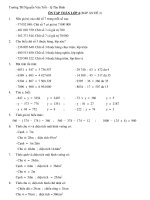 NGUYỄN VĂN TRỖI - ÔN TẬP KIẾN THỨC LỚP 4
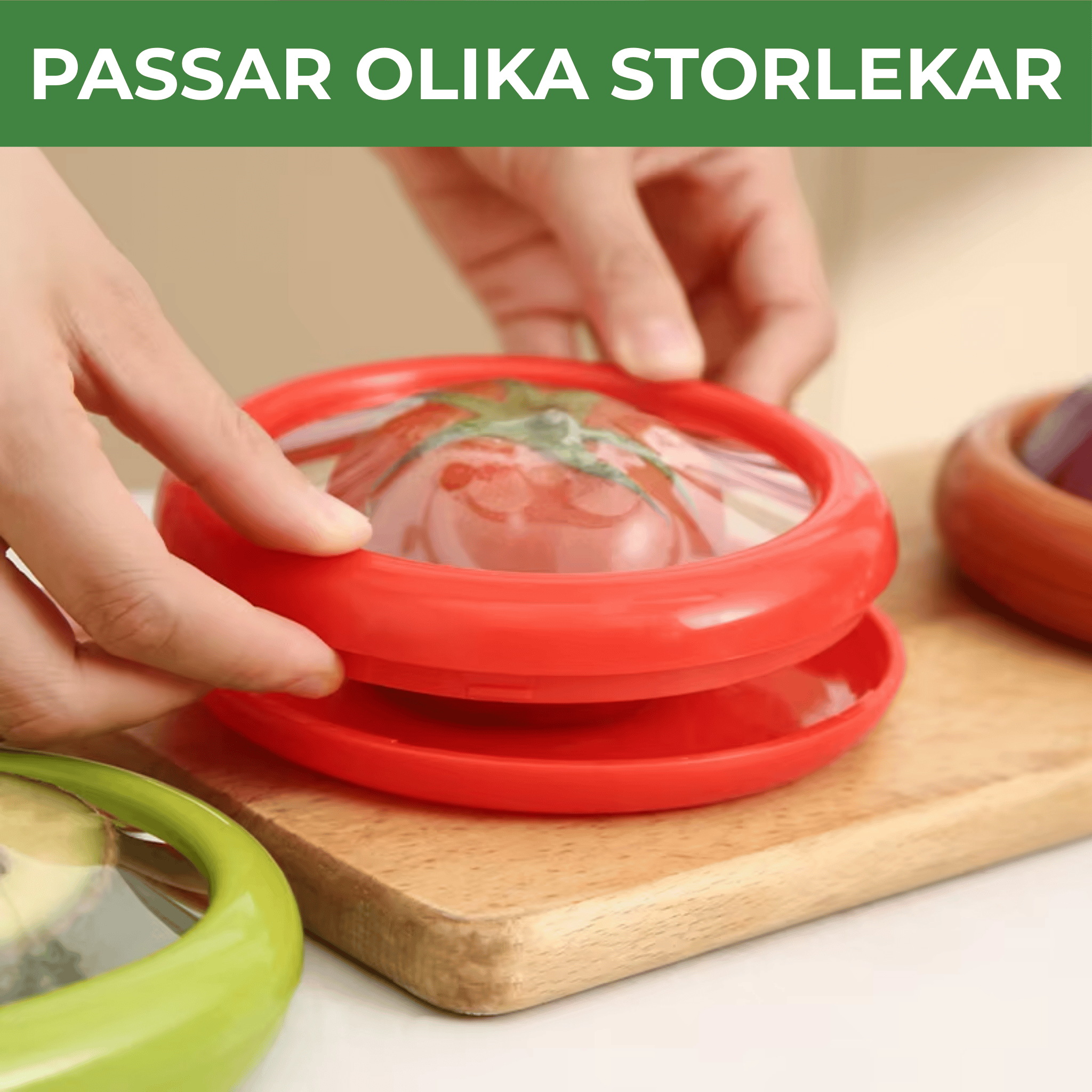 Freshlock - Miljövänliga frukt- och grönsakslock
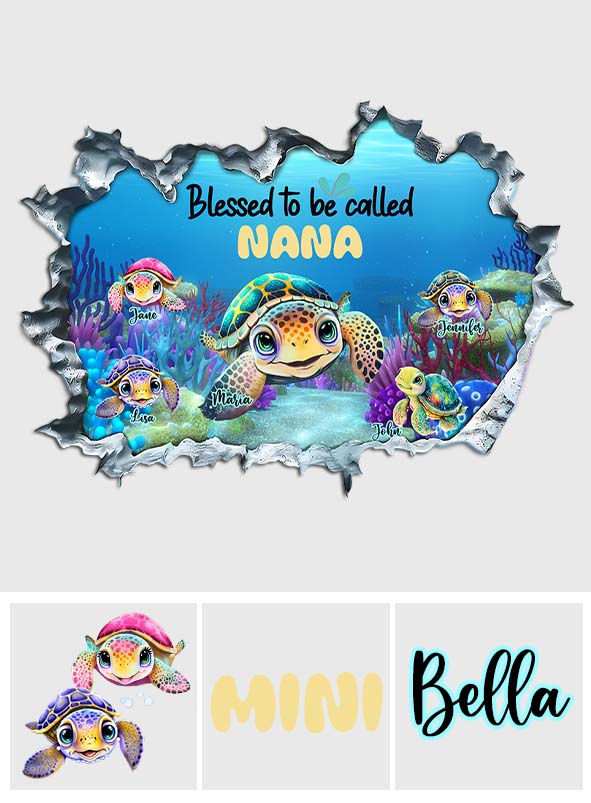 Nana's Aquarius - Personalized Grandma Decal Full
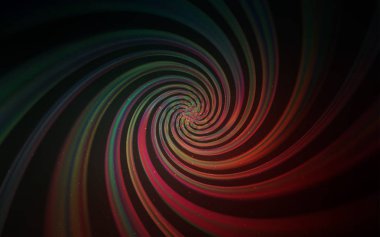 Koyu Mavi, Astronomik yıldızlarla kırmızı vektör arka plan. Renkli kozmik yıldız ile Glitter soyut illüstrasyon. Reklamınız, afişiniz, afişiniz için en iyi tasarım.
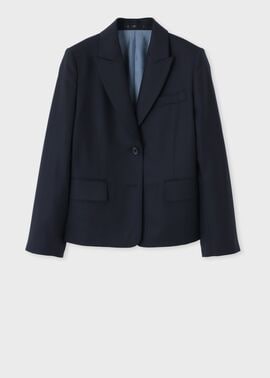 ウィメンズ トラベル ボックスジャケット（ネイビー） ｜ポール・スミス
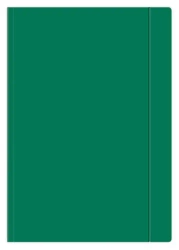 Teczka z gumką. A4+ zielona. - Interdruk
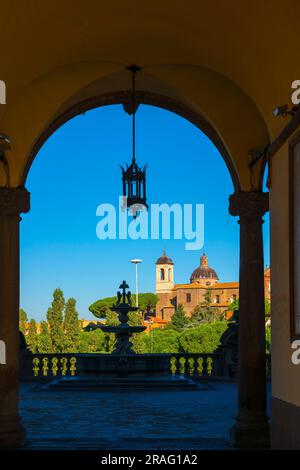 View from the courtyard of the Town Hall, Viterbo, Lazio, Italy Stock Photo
- - -
▶ _EXERCISE REQUIREMENTS_:
Set down the entries word for word, omitting all pictures.

▶ _RESPONSE AREA_:
 NGUYỄN VĂN TRỖI - ÔN TẬP KIẾN THỨC LỚP 4
 Freshlock - Miljövänliga frukt- och grönsakslock
 Nana's Aquarius - Personalized Grandma Decal Full
 Koyu Mavi, Astronomik yıldızlarla kırmızı vektör arka plan. Renkli kozmik yıldız ile Glitter soyut illüstrasyon. Reklamınız, afişiniz, afişiniz için en iyi tasarım.
 ウィメンズ トラベル ボックスジャケット（ネイビー） ｜ポール・スミス
 Teczka z gumką. A4+ zielona. - Interdruk
 View from the courtyard of the Town Hall, Viterbo, Lazio, Italy Stock Photo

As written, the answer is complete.